You may think at this point that it would be safe to do this:

Application: Here's the record.
Database: Here's the acknowledgement.
Application: now i have (clock.current - record.timestamp) time to do my work.

But no, this is a complete lie as well. I’m talking here not even about the non-monotonic clocks and time skew that may have happened in between, which are reasons to worry about as well. The real problem is that you can’t guarantee when the next application instruction will be processed, especially if you’re exploring asynchronous world. Consider a standard JS event loop:

locks.acquire(key)
.then(() -> transaction.run())

The then() call will be scheduled after key acquisition, and there are no guarantees that scheduled will turn into right now. This is the simplest example that probably wouldn’t have such limitation in most js environments and would run one function right after another, but real algorithms usually are much more complex, with several roundtrips and asynchronous calls here and there. And, even if you’re dealing with something really simple, there’s always OS preemptive multitasking, which may halt your application for any amount of time at any point. Any memory acquisition (and most of you work with the languages that if not manage memory themselves then don’t let you have 100% control over allocation), any memory read may hit the swap and slowly burn in the disk queue. Somebody may occupy a CPU core. If you’re on VM, somebody will steal your CPU time. It goes on and on with more and more peculiar things that actually do happen.
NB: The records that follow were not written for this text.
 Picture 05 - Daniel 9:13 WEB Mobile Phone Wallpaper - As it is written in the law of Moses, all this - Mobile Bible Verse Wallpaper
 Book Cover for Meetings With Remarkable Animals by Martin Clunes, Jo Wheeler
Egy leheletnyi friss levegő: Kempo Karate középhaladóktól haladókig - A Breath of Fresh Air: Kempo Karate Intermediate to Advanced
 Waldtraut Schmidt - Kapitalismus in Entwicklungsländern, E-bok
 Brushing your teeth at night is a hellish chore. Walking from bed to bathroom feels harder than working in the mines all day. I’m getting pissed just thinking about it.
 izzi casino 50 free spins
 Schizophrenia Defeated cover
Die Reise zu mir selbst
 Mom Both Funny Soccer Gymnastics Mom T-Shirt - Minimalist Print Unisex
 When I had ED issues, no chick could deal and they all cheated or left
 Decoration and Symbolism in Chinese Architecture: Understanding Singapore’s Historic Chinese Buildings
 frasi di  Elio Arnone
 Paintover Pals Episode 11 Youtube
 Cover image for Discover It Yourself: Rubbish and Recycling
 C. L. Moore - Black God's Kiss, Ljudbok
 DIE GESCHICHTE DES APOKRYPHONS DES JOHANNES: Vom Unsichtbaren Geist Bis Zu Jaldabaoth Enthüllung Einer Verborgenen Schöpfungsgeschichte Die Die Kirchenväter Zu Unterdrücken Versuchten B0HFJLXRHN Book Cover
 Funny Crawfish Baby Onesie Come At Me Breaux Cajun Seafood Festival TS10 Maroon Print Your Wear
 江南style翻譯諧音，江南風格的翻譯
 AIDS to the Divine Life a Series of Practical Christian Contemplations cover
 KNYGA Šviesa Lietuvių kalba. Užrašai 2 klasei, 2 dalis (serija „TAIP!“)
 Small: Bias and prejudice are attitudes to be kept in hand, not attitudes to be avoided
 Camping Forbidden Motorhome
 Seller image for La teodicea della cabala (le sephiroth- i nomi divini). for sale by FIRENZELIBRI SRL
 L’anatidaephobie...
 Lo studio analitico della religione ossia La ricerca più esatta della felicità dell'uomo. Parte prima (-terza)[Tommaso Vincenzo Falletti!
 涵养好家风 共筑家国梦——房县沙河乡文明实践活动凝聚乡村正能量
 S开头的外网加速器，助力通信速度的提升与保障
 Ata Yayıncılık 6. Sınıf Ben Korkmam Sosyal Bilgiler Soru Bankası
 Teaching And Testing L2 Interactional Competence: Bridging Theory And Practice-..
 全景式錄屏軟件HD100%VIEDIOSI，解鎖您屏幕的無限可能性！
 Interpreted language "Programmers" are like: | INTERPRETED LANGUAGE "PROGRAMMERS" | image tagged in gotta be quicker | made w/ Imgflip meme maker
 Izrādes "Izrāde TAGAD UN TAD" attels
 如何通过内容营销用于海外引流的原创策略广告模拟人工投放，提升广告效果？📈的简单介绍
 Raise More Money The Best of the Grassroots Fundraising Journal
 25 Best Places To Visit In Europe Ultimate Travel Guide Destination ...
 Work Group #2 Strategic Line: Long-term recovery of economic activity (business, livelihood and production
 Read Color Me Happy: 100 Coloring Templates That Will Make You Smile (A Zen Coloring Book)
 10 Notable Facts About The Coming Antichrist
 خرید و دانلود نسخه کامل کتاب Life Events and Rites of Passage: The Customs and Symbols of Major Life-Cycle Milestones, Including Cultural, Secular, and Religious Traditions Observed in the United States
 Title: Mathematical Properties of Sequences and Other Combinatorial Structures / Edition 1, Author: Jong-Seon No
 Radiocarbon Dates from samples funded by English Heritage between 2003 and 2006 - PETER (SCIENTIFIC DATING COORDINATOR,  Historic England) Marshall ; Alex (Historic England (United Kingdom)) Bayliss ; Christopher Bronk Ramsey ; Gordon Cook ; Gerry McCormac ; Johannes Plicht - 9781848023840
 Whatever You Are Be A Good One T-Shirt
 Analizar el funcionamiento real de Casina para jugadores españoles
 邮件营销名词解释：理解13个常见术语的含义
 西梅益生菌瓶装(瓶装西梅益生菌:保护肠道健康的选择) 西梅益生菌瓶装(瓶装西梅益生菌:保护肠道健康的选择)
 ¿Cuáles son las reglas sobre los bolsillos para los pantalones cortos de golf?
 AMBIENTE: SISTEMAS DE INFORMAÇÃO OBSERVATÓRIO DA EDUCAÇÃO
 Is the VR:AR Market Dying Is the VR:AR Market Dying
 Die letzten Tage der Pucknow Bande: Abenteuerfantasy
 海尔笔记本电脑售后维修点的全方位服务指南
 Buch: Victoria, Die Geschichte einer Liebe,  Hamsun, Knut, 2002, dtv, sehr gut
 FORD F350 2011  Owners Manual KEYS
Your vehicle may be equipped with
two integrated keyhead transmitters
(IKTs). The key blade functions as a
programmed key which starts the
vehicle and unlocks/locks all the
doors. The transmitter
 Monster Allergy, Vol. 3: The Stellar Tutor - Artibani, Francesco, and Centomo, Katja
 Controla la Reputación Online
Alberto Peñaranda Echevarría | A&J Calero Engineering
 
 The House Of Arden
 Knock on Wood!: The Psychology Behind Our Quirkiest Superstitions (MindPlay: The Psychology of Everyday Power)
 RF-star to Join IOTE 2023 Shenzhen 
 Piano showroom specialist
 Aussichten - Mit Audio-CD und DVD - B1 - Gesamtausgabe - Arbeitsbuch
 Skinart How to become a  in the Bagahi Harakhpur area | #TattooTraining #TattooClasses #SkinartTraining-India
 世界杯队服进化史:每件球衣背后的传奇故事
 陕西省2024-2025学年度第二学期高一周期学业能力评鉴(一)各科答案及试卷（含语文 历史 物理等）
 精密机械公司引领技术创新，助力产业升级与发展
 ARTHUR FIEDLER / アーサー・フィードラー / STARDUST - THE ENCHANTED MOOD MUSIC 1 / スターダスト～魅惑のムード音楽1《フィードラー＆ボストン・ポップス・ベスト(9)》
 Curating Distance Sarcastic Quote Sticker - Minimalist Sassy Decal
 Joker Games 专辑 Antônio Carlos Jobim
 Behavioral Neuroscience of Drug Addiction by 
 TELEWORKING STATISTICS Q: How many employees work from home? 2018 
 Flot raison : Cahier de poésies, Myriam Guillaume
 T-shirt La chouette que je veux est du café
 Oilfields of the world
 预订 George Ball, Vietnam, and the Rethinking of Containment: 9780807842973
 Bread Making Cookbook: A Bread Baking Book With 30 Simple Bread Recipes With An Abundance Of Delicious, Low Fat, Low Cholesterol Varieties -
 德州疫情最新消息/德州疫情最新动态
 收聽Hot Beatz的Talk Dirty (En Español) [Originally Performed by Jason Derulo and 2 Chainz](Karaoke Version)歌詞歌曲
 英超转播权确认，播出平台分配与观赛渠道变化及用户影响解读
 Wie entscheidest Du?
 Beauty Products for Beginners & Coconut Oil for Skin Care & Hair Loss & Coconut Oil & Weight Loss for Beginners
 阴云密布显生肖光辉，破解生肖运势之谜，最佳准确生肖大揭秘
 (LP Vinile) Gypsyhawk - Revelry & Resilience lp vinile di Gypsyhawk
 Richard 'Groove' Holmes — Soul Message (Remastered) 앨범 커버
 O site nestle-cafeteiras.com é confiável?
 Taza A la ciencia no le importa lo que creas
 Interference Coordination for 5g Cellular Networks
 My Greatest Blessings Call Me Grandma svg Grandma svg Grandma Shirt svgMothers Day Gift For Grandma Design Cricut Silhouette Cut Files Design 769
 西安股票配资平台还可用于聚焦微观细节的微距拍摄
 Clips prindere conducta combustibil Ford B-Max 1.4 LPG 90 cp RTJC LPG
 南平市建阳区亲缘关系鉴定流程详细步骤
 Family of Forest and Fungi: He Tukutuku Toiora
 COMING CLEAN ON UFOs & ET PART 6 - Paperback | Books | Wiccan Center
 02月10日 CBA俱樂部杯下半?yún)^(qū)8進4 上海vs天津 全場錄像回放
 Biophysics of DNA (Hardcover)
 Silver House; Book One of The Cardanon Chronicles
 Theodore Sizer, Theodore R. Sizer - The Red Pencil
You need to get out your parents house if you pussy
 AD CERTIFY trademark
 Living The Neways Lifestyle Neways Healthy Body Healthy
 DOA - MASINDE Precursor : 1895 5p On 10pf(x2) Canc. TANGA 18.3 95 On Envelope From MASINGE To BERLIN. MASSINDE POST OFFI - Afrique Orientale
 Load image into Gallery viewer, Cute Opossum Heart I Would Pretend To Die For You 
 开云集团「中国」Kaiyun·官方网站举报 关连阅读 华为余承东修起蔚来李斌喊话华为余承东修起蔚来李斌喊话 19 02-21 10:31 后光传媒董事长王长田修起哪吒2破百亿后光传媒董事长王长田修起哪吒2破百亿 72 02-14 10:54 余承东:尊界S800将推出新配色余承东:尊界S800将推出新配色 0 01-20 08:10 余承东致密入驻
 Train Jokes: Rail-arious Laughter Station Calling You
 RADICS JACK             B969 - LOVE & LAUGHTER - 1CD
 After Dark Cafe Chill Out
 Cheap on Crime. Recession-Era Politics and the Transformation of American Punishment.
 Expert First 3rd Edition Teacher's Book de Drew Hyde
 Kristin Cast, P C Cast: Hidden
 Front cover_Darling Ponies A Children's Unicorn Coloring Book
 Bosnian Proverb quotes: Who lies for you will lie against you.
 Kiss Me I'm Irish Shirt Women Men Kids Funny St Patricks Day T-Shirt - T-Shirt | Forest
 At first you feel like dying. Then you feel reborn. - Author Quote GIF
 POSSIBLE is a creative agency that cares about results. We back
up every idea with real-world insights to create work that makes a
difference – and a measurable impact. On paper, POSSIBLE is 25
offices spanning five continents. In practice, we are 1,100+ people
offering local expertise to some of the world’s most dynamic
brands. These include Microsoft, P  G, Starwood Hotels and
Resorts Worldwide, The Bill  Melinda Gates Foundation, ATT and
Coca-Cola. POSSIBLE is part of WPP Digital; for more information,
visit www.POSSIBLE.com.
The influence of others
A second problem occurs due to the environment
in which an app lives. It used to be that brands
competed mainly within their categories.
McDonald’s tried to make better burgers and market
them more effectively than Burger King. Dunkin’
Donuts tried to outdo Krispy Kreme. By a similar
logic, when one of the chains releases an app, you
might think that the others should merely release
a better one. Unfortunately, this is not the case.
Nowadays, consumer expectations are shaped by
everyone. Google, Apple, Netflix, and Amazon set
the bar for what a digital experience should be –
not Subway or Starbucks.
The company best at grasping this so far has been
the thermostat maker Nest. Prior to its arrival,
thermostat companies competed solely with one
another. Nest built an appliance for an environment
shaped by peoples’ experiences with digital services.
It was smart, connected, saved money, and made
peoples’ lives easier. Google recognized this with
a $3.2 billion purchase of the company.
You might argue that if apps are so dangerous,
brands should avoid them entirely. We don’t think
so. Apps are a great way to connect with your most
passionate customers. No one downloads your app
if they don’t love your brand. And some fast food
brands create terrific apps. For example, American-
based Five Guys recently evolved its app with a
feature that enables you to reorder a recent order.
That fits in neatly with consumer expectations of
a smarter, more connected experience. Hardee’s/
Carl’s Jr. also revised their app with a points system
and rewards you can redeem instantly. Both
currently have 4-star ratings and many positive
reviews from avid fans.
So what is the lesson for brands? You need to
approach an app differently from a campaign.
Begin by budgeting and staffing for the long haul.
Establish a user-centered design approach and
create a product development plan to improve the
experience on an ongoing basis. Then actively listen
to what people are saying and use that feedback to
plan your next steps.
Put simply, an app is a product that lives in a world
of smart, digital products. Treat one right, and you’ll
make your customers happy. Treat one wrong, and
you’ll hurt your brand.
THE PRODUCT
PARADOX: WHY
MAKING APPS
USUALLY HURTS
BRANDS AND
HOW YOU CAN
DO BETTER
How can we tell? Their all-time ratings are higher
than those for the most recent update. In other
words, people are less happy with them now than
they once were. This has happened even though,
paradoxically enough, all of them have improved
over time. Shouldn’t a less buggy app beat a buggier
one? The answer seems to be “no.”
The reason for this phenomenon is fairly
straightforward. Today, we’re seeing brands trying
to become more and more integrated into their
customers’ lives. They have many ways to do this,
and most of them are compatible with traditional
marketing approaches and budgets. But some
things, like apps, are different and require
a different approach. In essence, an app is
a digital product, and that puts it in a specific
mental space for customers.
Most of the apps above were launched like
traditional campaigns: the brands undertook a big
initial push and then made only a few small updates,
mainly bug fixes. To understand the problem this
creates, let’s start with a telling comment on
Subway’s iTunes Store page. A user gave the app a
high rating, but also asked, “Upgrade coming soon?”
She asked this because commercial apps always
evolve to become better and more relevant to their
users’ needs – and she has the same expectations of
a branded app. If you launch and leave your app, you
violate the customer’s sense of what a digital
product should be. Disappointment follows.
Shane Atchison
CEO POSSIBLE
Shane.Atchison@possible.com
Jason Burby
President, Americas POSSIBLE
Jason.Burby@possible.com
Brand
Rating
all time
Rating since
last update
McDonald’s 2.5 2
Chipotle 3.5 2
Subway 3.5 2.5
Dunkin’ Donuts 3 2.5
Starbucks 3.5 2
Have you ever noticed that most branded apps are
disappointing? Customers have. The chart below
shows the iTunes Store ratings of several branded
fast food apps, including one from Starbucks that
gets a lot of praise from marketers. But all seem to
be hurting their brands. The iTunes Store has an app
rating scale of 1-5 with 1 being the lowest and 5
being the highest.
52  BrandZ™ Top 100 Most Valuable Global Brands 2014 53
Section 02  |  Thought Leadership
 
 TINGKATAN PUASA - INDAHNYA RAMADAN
The whole thing i’m trying to tell you here that this scenario is simply inevitable. The only option one has here is to surrender.

That’s it, you can’t have any reliable concurrent primitive guarantees in distributed application. All you can do is a) rely on some safety bounds and consider any crossing of them an inevitable force majeure and b) architect your processes as a set of idempotent actions as much as possible, so any process could pick it up from any place, using locks just to minimize contention, not to prevent non-exclusive access, and have fingers crossed at non-idempotent actions, siding with either at-least-once or at-most-once model.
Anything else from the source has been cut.